*EXERCISE OBJECTIVE:* Write all of the entries out again exactly, but not the images.
[Opening ENTRIES SUPPLIED section]
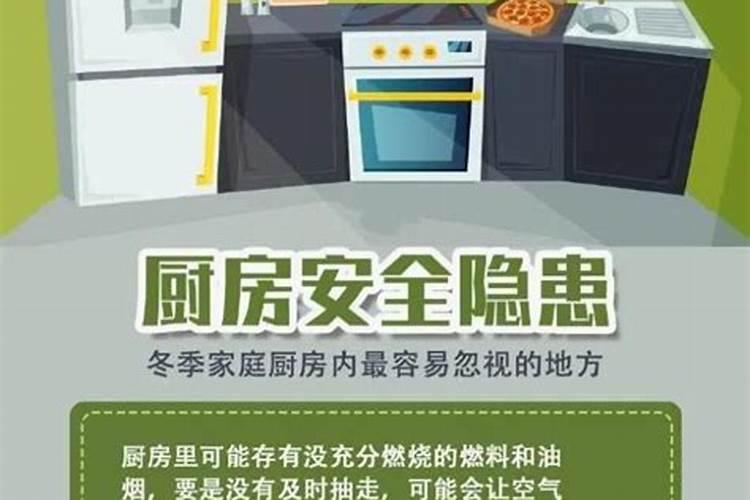 十二生肖年龄表2025年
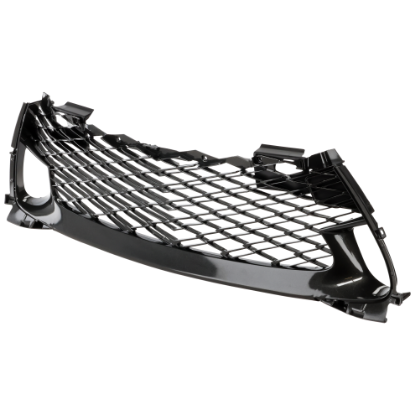 Picture of Grille Assembly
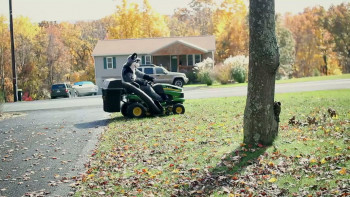 Fursonas (2016) download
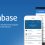 How to Get Started with Coinbase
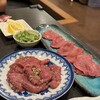 焼肉もりたけ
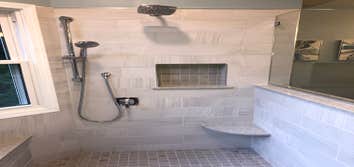 Acclaim Renovations & Design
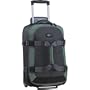 Eagle Creek Cloudstream 22 Duffel Bags, Moss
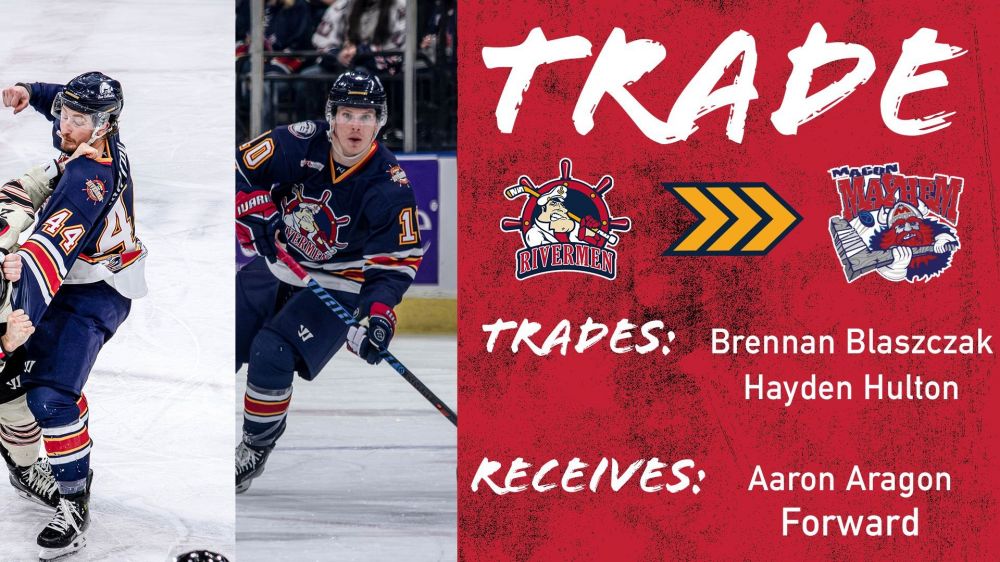 TRADEMAC.jpg
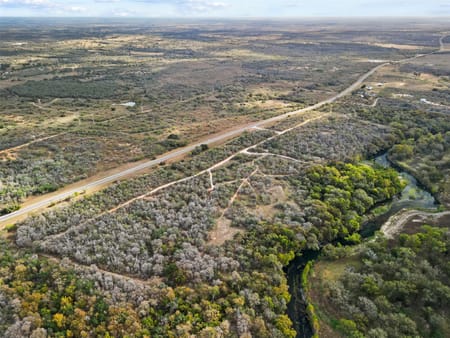 Seguin, TX 78155 Guadalupe County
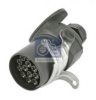 SCANI 1928597 Plug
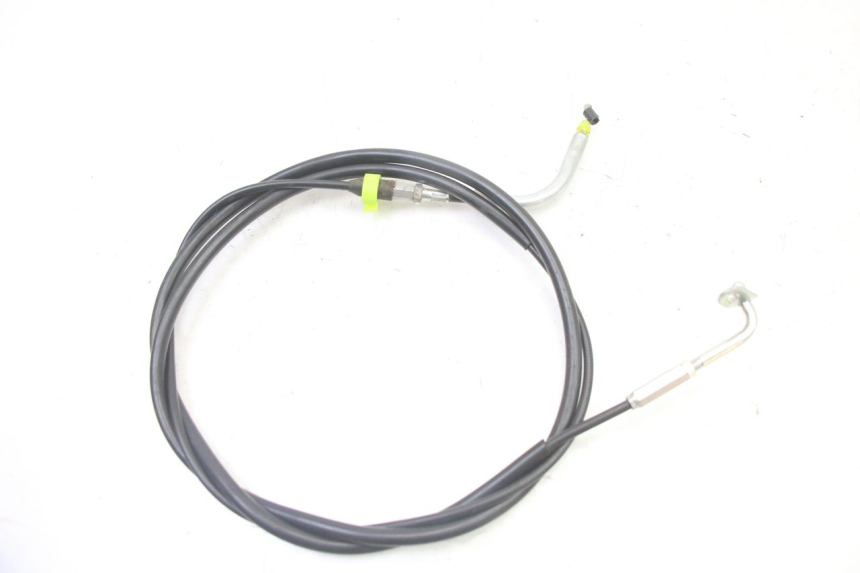 photo de SEAT OPENING CABLE PEUGEOT KISBEE 4T 50 (2018 - 2022) - Component detail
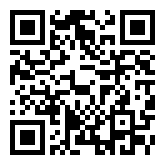 https://www.fou.net/post/16808.html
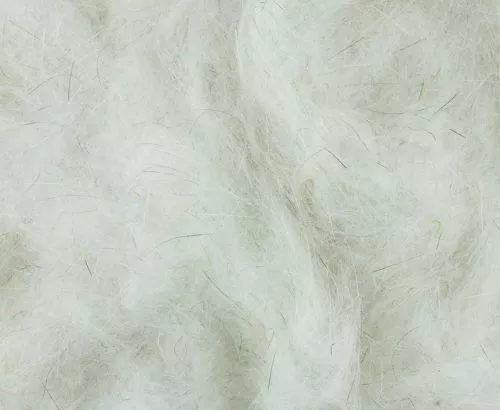 Hemingways Hemingway's Hare's Dubbing Packets - Funky Fly Tying 35 Hemingways Hemingway's Hare's Dubbing Packets - Funky Fly Tying - Image 33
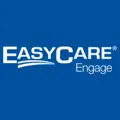 EasyCare (APCO) logo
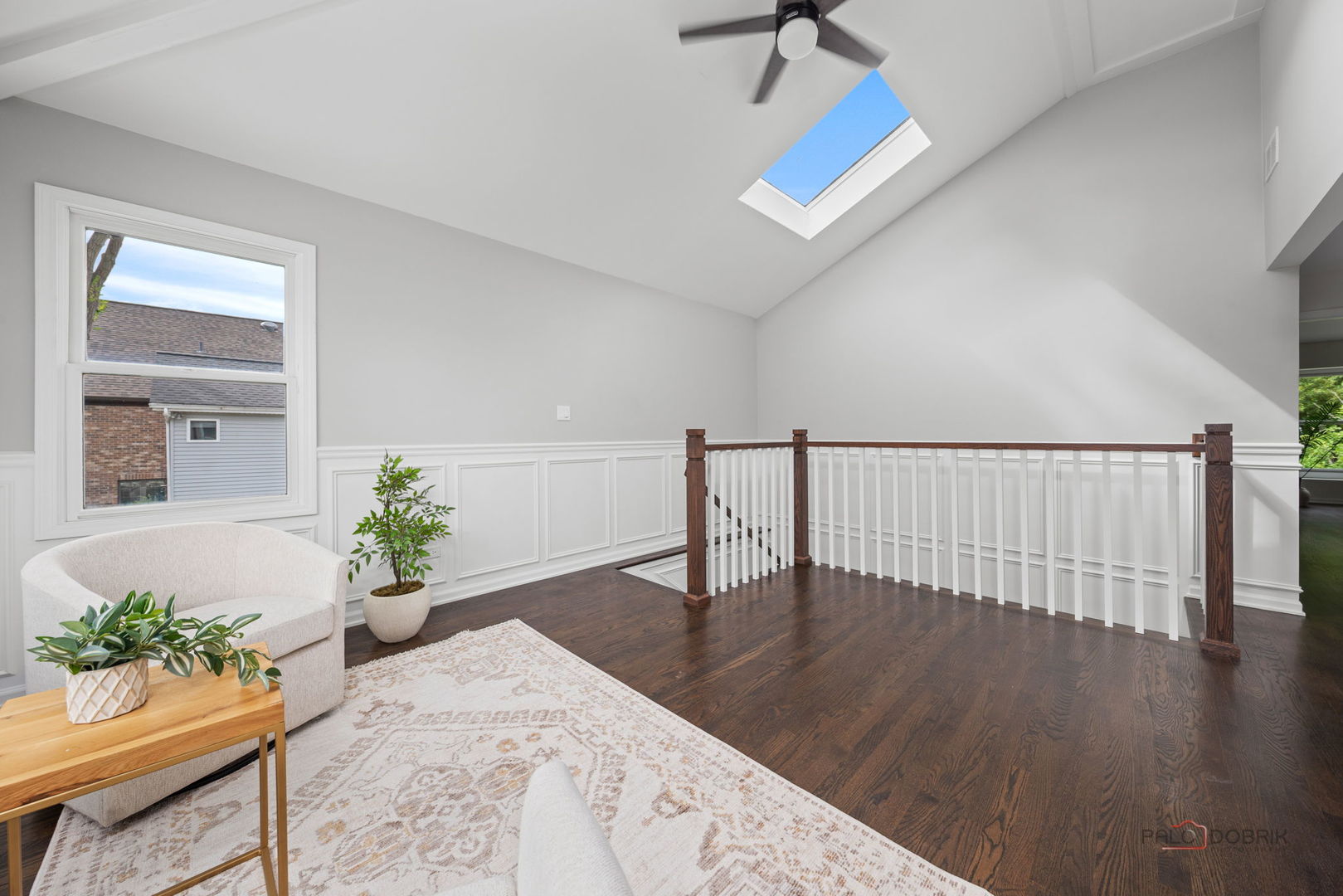 607 S Cedar Avenue Property Photo 25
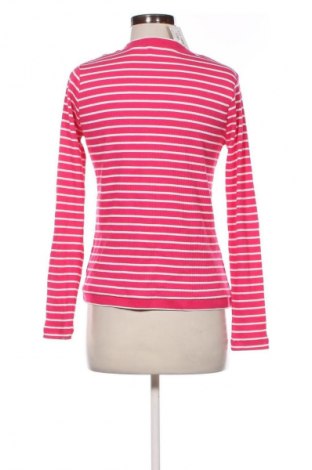 Damen Strickjacke Bloomings, Größe M, Farbe Mehrfarbig, Preis € 8,99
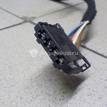 Фото Проводка (коса)  3AA971694CD для vw Passat [B7] {forloop.counter}}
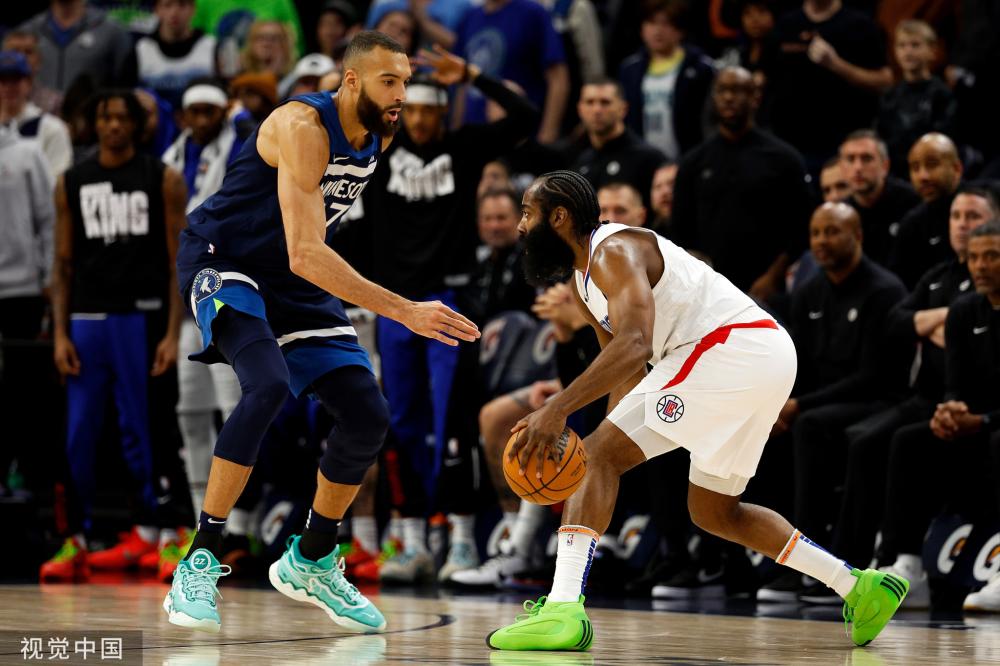 上的优势在 上的优势在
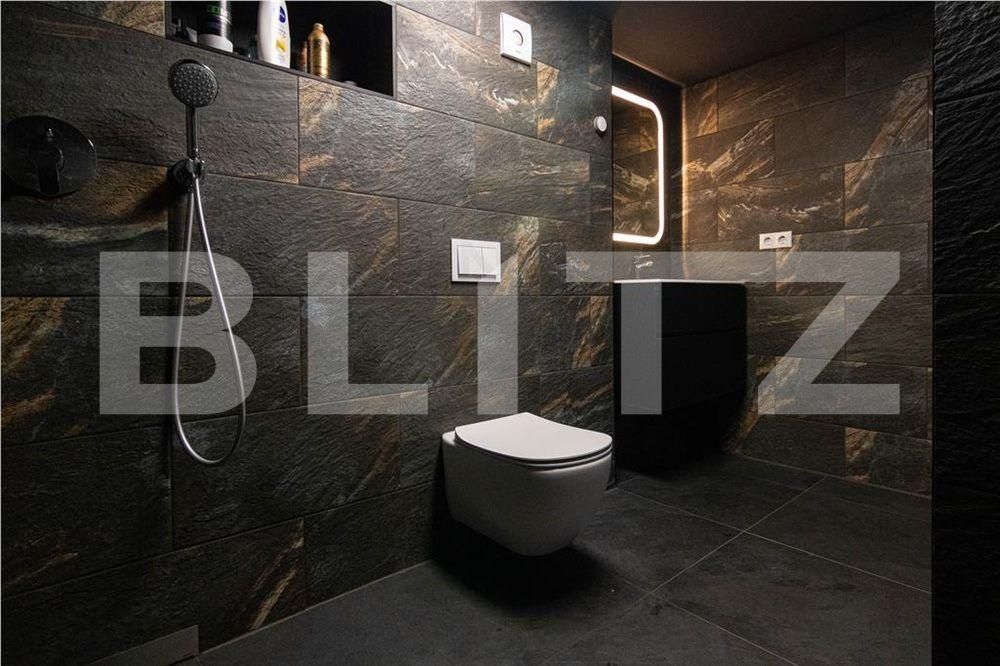 Apartament de închiriat 3 camere Central - 53133AI | BLITZ Cluj-Napoca | Poza6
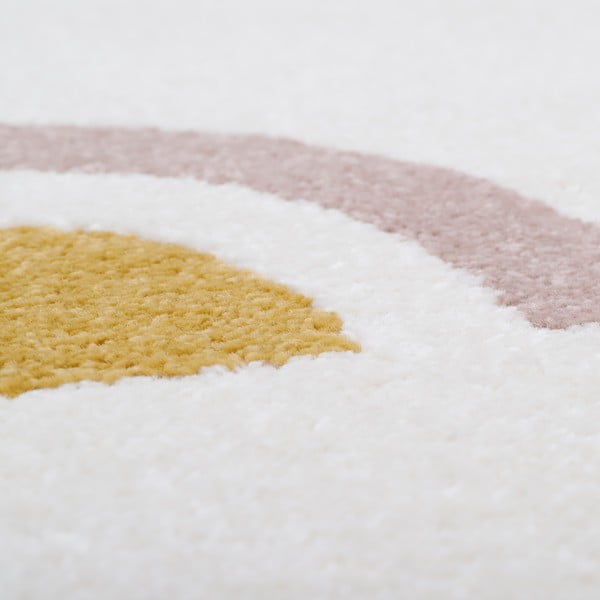 Bērnu paklājs Nattiot Mery, 120 x 170 cm-image-2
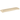 Palletkussen voor bank Beige 150 x 40 x 8 cm Oxford stof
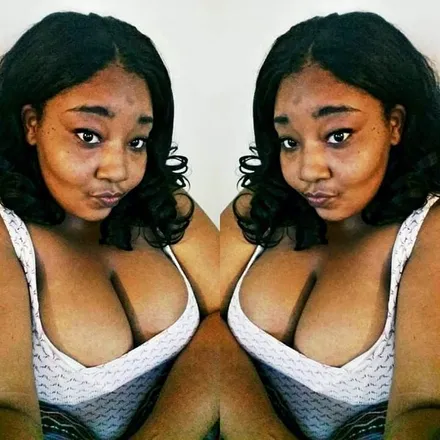 OnlyFans cuenta cassandrama91 header 2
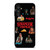 STRANGER THINGS 4 ARGYLE Samsung Galaxy A14 Case Cover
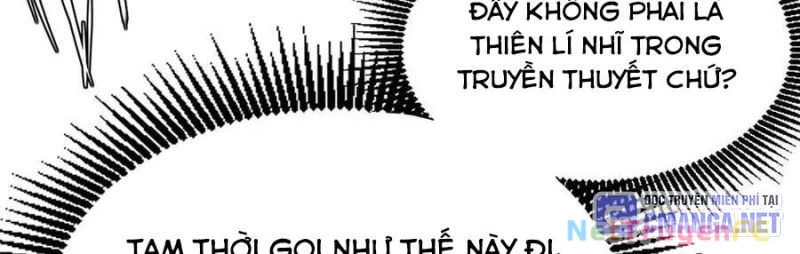 Trùng Sinh 1998 Ta Làm Thập Nhị Đại Phú Hào Chapter 15 - Trang 2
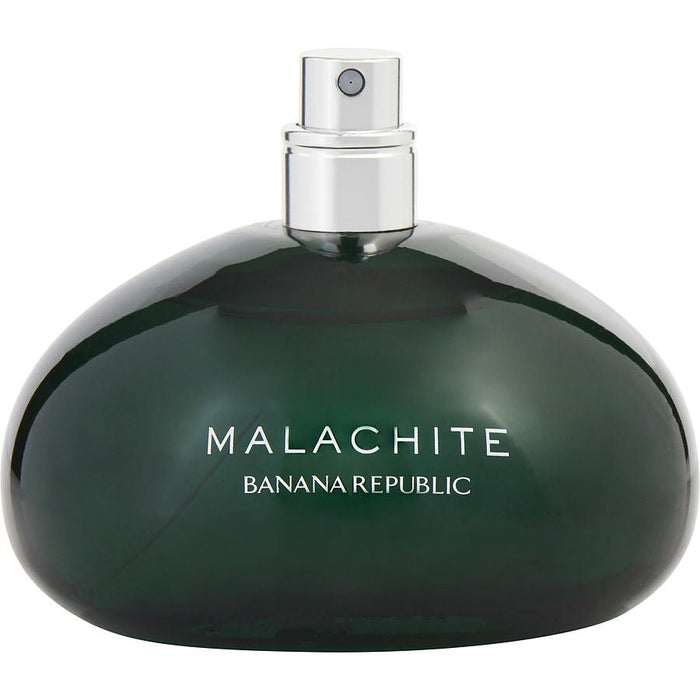 Banana Republic Malachite - 7STARSFRAGRANCES.COM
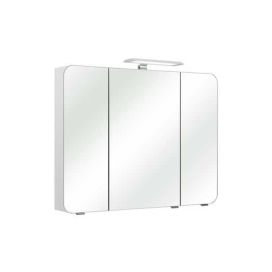 Spiegelschrank
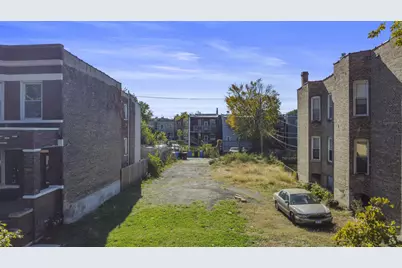 3119 W Flournoy Street, Chicago, IL 60612 - Photo 3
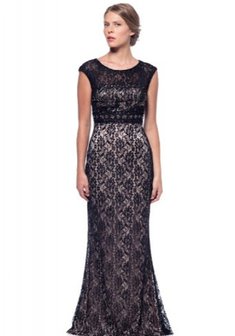 Арт. Сидни-P61231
[Closing ENTRIES SUPPLIED section]
*REPLY TO THE EXERCISE:*
 十二生肖年龄表2025年
 Picture of Grille Assembly
 Fursonas (2016) download
 How to Get Started with Coinbase
 焼肉もりたけ
 Acclaim Renovations & Design
 Eagle Creek Cloudstream 22 Duffel Bags, Moss
 TRADEMAC.jpg
 Seguin, TX 78155 Guadalupe County
 SCANI 1928597 Plug
 photo de SEAT OPENING CABLE PEUGEOT KISBEE 4T 50 (2018 - 2022) - Component detail
 https://www.fou.net/post/16808.html
 Hemingways Hemingway's Hare's Dubbing Packets - Funky Fly Tying 35 Hemingways Hemingway's Hare's Dubbing Packets - Funky Fly Tying - Image 33
 EasyCare (APCO) logo
 607 S Cedar Avenue Property Photo 25
 Damen Strickjacke Bloomings, Größe M, Farbe Mehrfarbig, Preis € 8,99
 Фото Проводка (коса)  3AA971694CD для vw Passat [B7] {forloop.counter}}
 上的优势在 上的优势在
 Apartament de închiriat 3 camere Central - 53133AI | BLITZ Cluj-Napoca | Poza6
 Bērnu paklājs Nattiot Mery, 120 x 170 cm-image-2
 Palletkussen voor bank Beige 150 x 40 x 8 cm Oxford stof
 OnlyFans cuenta cassandrama91 header 2
 STRANGER THINGS 4 ARGYLE Samsung Galaxy A14 Case Cover
 Trùng Sinh 1998 Ta Làm Thập Nhị Đại Phú Hào Chapter 15 - Trang 2
 Banana Republic Malachite - 7STARSFRAGRANCES.COM
 Spiegelschrank
 3119 W Flournoy Street, Chicago, IL 60612 - Photo 3
 Арт. Сидни-P61231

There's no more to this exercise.